The EBITDA number during the quarter was INR 405 crores, higher by 2% as against INR 397 crores. The depreciation was higher by 19% at INR 90 crores as against INR 76 crores. For this depreciation, we have reviewed the life of some of the power plants, and accordingly, the additional depreciation has been provided for. The finance cost was lower by 10% at INR 62 crores as against INR 69 crores. The profit before tax was INR 271 crores as against a drop of 3% as against INR 279 crores. The profit after tax was INR 271 crores as against INR 149 crores, an increase of 81% because in the previous quarter, impairment of Fujairah was considered.
The provision for tax was INR 90 crores as against INR 63 crores, and the profit after tax was INR 181 crores as against INR 86 crores. The EPS during the quarter was INR 23.44 as against INR 11.16. The EBITDA margin for the quarter was 19.08% as against 17.87%.
If we compare to working with year-on-year, the revenue from operations were higher by 33% at INR 2,166 crores as against INR 1,634 crores. And the EBITDA was INR 405 crores as against INR 402 crores, almost flat, just higher by 1%. The depreciation was again higher at INR 90 crores as against INR 66 crores. The finance cost was INR 62 crores as against INR 56 crores and the profit before tax was INR 271 crores as against INR 305 crores in the year -- last year, a drop of 11%. And the profit after tax was INR 181 crores as against INR 208 crores, a drop of 13%. The EPS, INR 23.44 as against INR 26.95. The EBITDA margin was lower at 19.08% as against 25.11%.
These are the major financial highlights. As regards the project is concerned, the greenfield expansion at Panna is at advanced stage. And the company expects that this will be commissioned within this year, though efforts are done, and it may be possible that the plant goes onstream in the third quarter itself. Up til now, we have spent about INR 2,072 crores on the project.

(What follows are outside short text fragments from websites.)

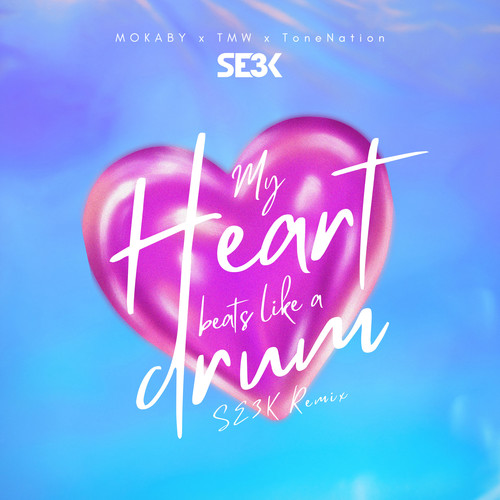 My Heart Beats Like a Drum (SE3K Remix)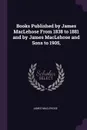 Books Published by James MacLehose From 1838 to 1881 and by James MacLehose and Sons to 1905, - James Maclehose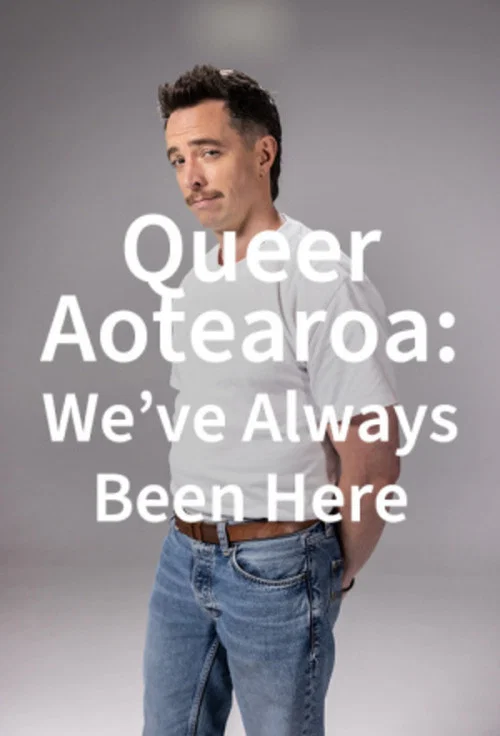 Queer Aotearoa: We've Always Been Here постер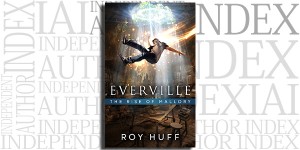Everville: The Rise of Mallory by Roy Huff on the Independent Author Index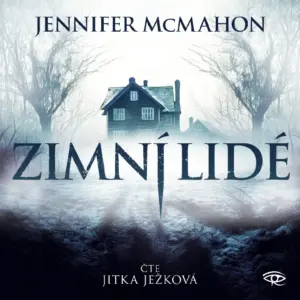 Zimní lidé - Audiokniha - Jennifer Mcmahon - Jitka Ježková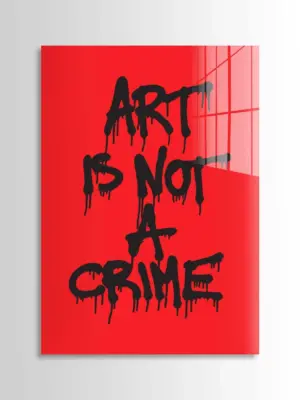 Art Is Not A Crime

If we look at the debt profile, the gross debt during -- as of 30th June was INR 2,785 crores as against INR 2,850 crores. The net debt was INR 1,727 crores as against INR 1,606 crores. Net debt to EBITDA is 1.12x as against 1.05x as on 31st March, and the net debt to equity is 0.39 as against 0.38. These are the major highlights. If you have any questions, we'll be pleased to address the same. Thank you.
[Operator Instructions] We'll take the first question from the line of Shravan Shah from Dolat Capital.

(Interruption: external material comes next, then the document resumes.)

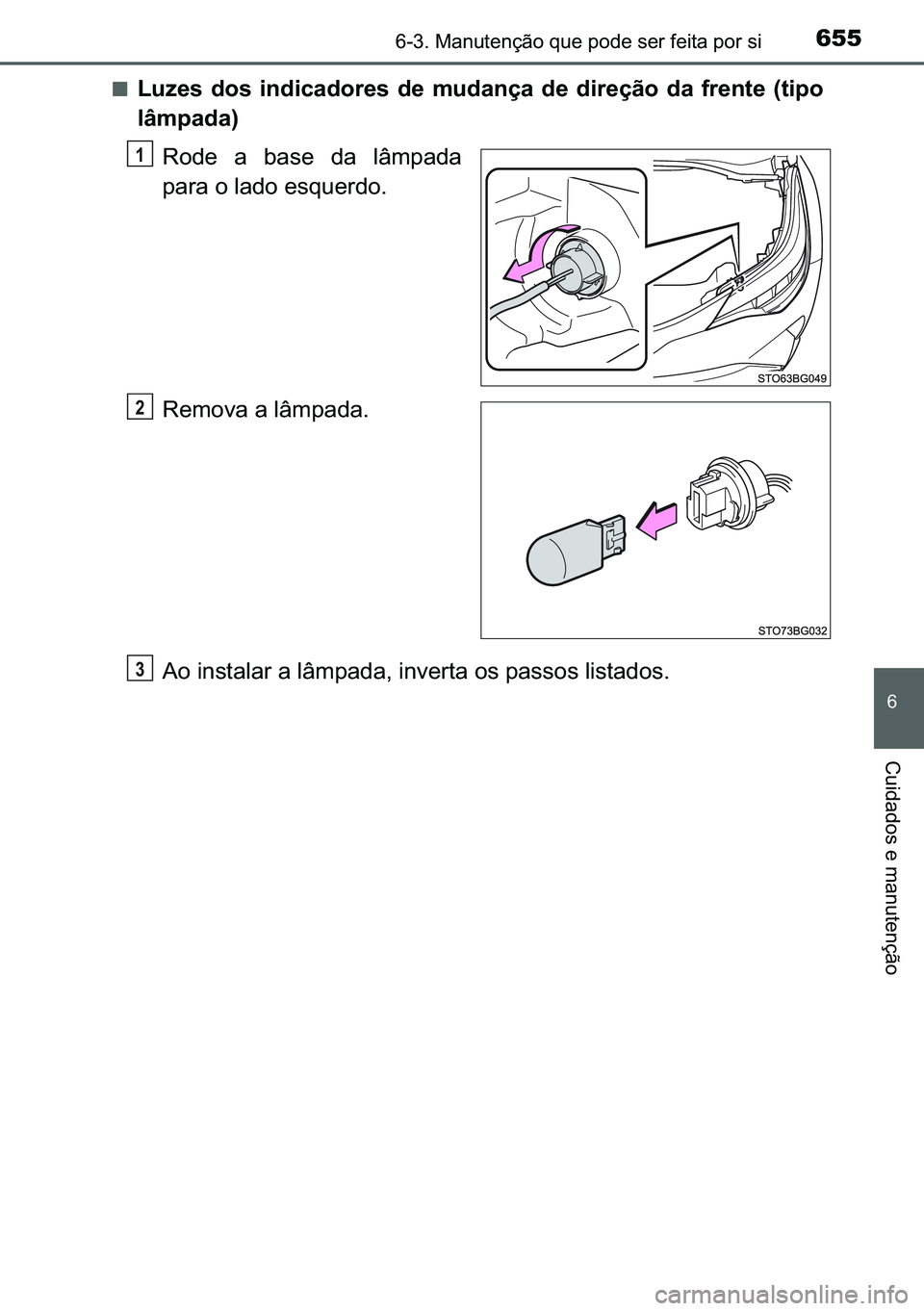 TOYOTA C-HR 2023  Manual de utilização (in Portuguese) 655������0�D�Q�X�W�H�Q�o�m�R��T�X�H��S�R�G�H��V�H�U��I�H�L�W�D��S�R�U��V�L
�
�&�X�L�G�D�G�R�V��H��P�D�Q�X�W�H�Q�o�m�R
■�/�X�]�H�V� �G�R�V� �L�Q�G�L�F�D�G�R�U�H�V� �G�H� �P�X�G�D�Q�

First of all, congratulations on relatively better performance, particularly on Q-o-Q improvement in EBITDA per tonne. So now coming to the questions. First, in terms of the pricing, so post June, how much price decline we have seen in north, central?
So in the north, there's a drop of about INR 10, INR 10 to INR 12 a bag. Central India is not our main market so it's very difficult to say what is the real fall in that market. But the major one has been the north.
And in south, sir? South and West Karnataka and Maharashtra?
South and -- South has not much change, about INR 5 to INR 6.
Okay. So the second now the question is on the power and fuel front. So our consumption cost, what was for Q1 FY '23? And how do we now see cost in the -- particularly in the Q2? So are we now starting to see the cost, power and fuel, to decline from the Q2 or it will be from the Q3?
So actually, we still got benefit of the low-cost fuel in the first quarter. So the full impact of the high-cost fuel, which we had procured has not -- I mean, the full impact is not still there and that would be seen in the second quarter. So we see that in the second quarter, our fuel cost would be higher than the first quarter. So no question of any decline right now, but the second quarter would be the highest fuel cost for many -- for I think all times to come.
Okay. And any ballpark number, 10%, 15%, so INR 100, INR 150 kind of...
INR 10 to INR 12 should be higher as compared to the power fuel cost could be higher by about INR 200 a tonne.
Okay. Got it, okay. And in terms of the -- a couple of data points, so OPC, PPC, share, railroad mix, lead distance of fuel mix for this quarter?
Yes, the OPC, PPC, like PPC was 64% in this quarter. Rate ratio was 69%. Railroad was 70% to 83% and lead distance was 475 kilometers.
Okay. Lead distance have increased.
Yes, it has increased because of the new markets, because we are feeding these new markets of Central India from the existing plants. Lead distance has increased.
And fuel mix?
Fuel mix is around 50% petcoke and balance is the imported coal and the alternate fuel.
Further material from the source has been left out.